The assessment described in Fig. 1 mainly involves two independent variables. Based on the analysis results of STEM_DP, starting from the 20-day of each learning period until the end of course assessment, dropouts of DDD, EEE, and FFF are tested. Since “final result” and “assessment type” are non-quantitative values, numerical encoding is performed. Because the vast majority of dropouts end their learning process early and do not participate in assessments, the assessment type is unfamiliar to those who have dropped out. Therefore, testing this problem with dropout behavior data does not carry statistical significance. The value distribution of Num of previous attempts in learners ranges from 0 to 6, indicating that the same learner may have participated in online learning multiple times and completed the learning goals of multiple courses. To test the dropout rate after learners have completed at least one course’s assessment, we use data from non-dropout learners. This is related to the prior assessment results and methods of learners and the test results are shown in Fig. 11. Except for Withdrawn, the Final result has three types. If learners’ prior assessment results are “Fail”, there will be a significant positive correlation with dropout. The more failures they experience, the stronger the correlation. When new learning courses cannot use the same assessment method as before, there is also a significantly positive correlation with dropout, so the learners who have participated frequently in online learning platforms tend to depend on the assessment method. They tend to choose previously used assessment methods, especially when their prior assessment results are Pass or Distinction. About the next course assessment, they are more likely to select the same assessment method as before.

Fig. 11: Test results of assessment results for dropout.

That shows that learners might choose previously used assessment methods, the actual assessment grades (Distinction, Pass, and Fail) cannot directly cause dropout.

Under certain conditions, the analysis results of dropout problems and assessment results for these three different courses are shown in Fig. 11. Regarding the impact of assessment methods, since the three courses are all STEM-related, learners tend to accept online testing more easily. However, this does not mean that learners do not have personalized preferences for assessment methods. When the assessment method of a new course is similar to the learner’s previous learning experience, it is easier for learners to construct a complete learning process. These trends are clearly presented in the learning behavior instances of DDD and EEE, but learners of FFF generally adapt to new assessment methods, and the assessment method is not a significant factor in causing dropout. With regards to the impact of assessment results, the actual assessment grades (Distinction, Pass, and Fail) cannot directly cause dropout. Therefore, the correlation of multiple learning processes is analyzed. If learners previously have one or more experiences here they do not pass a course assessment, they are more likely to drop out when selecting a new course. However, if their prior assessment results are Pass or Distinction, it would enhance the learner’s confidence in participating in new courses, strengthen their enthusiasm for knowledge, and lead to a lower dropped rate.

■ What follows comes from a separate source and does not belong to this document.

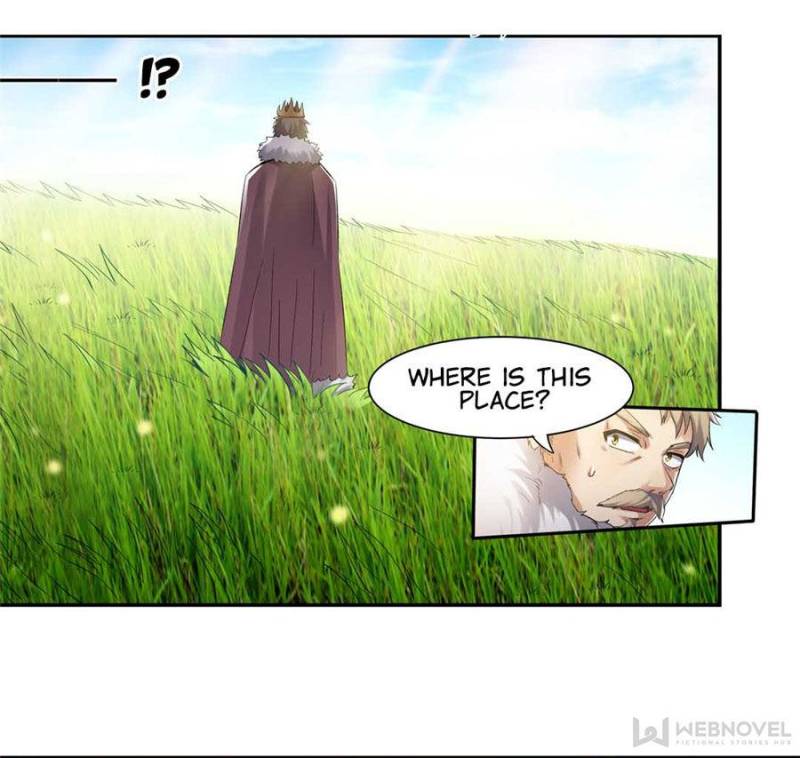 Page 6 of Chapter 124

After tracking and statistical analysis of the entire learning process, the probability of learners who pass the assessment participating in other courses again is 92.22%, and their pass rate is as high as 95.47%. The probability of learners who fail the assessment participating in online learning again is 65.43%, which means that about one-third of learners have directly abandoned the learning process of MOOCs. When these learners who do not pass the assessment participate in online learning again, 78.19% of them leave MOOCs midway, indicating that these learners are still troubled by the problems they encountered during their previous learning and still develop negative emotions. It can be seen that learners who pass the assessment have a higher probability and pass rate of participating in MOOCs again, they might have more positive emotions compared to the learners who do not pass the assessment, while learners who do not pass the assessment have lower indicators and have produced a large number of dropouts.

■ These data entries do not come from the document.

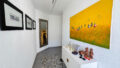 Diele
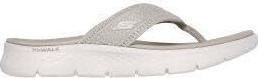 Image du produit Skechers Sandale Go Walk Flex - Holly (40)
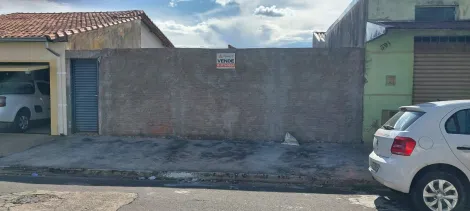 imagem 1 - Terreno - Em bairro imagem 1 - Terreno - Em bairro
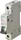 Siemens SENTRON Leitungsschutzschalter 230/400V 6kA, 1-polig, B, 16A (5SL6116-6)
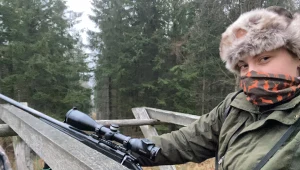 Polka numerem jeden na świecie. Powrót na szczyt po pięciu latach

Based on the significant test of the four above problems, it is found that for the dropout of STEM learning behavior in MOOCs, Demographic Information, interactive learning activities and relationships, Learning Accumulation, and assessment results all have direct or indirect impacts. Therefore, it is necessary to guide and recommend learners to select appropriate interactive learning activities and build suitable learning routes. The whole learning process cannot be separated from the tracking, supervision, and intervention of key temporal sequences.

Discussion

This study tracks the complete MOOC learning behavior of three STEM courses and mines massive instances. To solve the high dropout rate in the online learning process, a dropout prediction model is proposed to address the complex interaction and collaboration. Experimental results show that the model can improve the quality and effectiveness of STEM dropout prediction, a comprehensive correlation analysis and training of relevant factors are completed, and the key elements leading to dropout are summarized. In this section, we will discuss the findings and suggestions.

Findings

Based on the previous research results (Bañeres et al., 2023) and the analysis of complete learning behavior instances, STEM learning behavior is influenced by timestamps, interactive learning activities, and relationships. The effectiveness of constructing learning behavior can also be affected by learners’ backgrounds and demographics, making the correlation analysis and tracking the effect of massive learning behavior instances directly related to the temporal sequence. Over time and with changes in knowledge structure, the topological paths and routing strategies of learning behavior will also undergo corresponding changes (Aldowah et al., 2020). Some learners may develop a learning burnout state or even drop out. Therefore, in the dropout prediction process, learning behavior needs to be described as a series of related interactive learning activities in a continuous temporal sequence. By incorporating temporal sequence into the learning behavior analysis (Khoushehgir and Sulaimany, 2023), the potential values and rules might be explored, which has important guiding significance for the study of STEM Learning Behavior.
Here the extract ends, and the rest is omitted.